Every record that follows must be duplicated exactly, with images left out.

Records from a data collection
────────

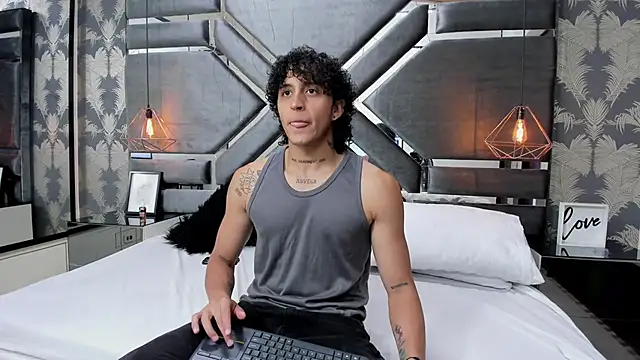 JayTaylorr online show from 04.21.26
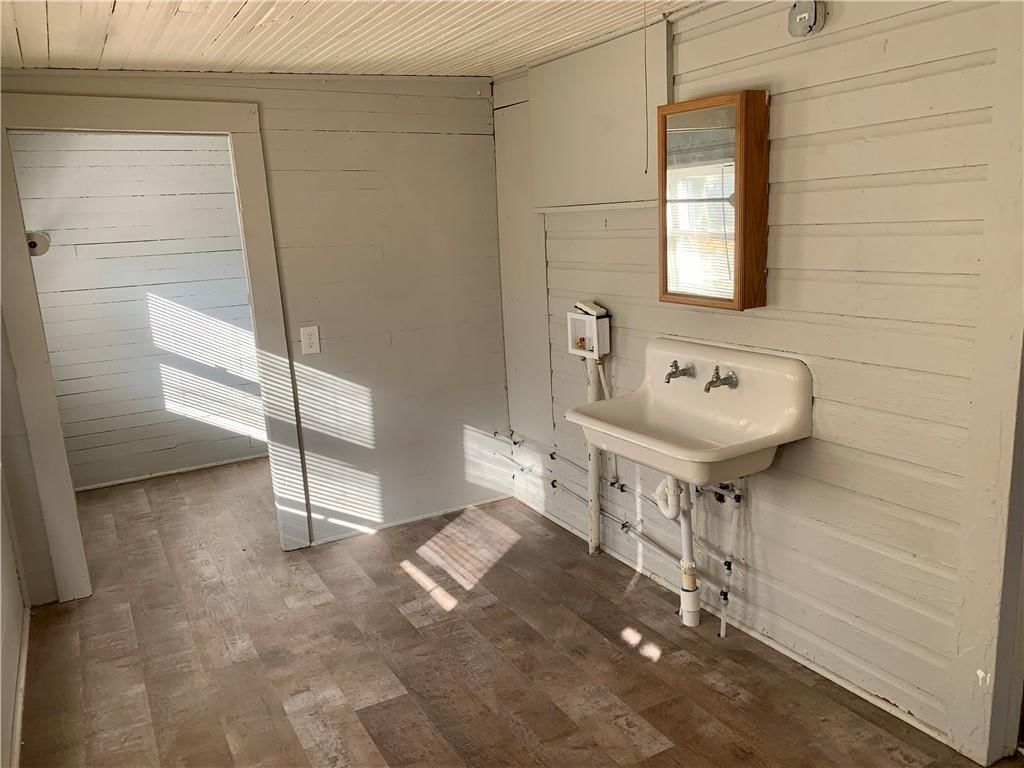 513 W Mckay Street — photo 17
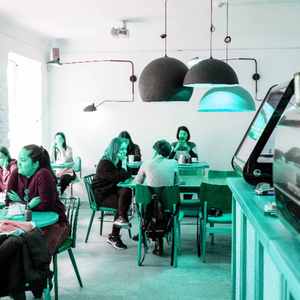 一尘不染凉爽的十月印象数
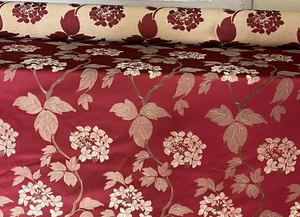 Tela de seda sintética bordada en relieve diseño con motivo de hoja floral roja dorada 7,19 años - Imagen 1 de 4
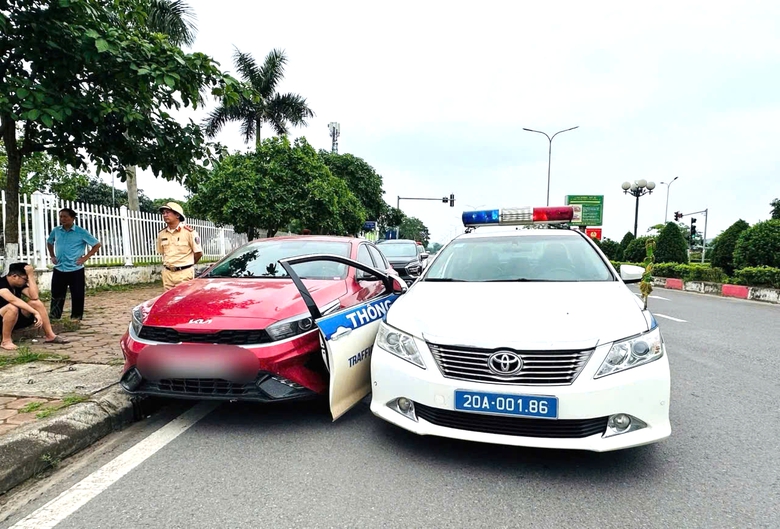 Vụ đ&acirc;m hỏng xe Cảnh s&aacute;t giao th&ocirc;ng ở Th&aacute;i Nguy&ecirc;n: Tạm giữ t&agrave;i xế v&agrave; người đi c&ugrave;ng- Ảnh 1.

────────

[Answer]
 JayTaylorr online show from 04.21.26
 513 W Mckay Street — photo 17
 一尘不染凉爽的十月印象数
 Tela de seda sintética bordada en relieve diseño con motivo de hoja floral roja dorada 7,19 años - Imagen 1 de 4
 Vụ đ&acirc;m hỏng xe Cảnh s&aacute;t giao th&ocirc;ng ở Th&aacute;i Nguy&ecirc;n: Tạm giữ t&agrave;i xế v&agrave; người đi c&ugrave;ng- Ảnh 1.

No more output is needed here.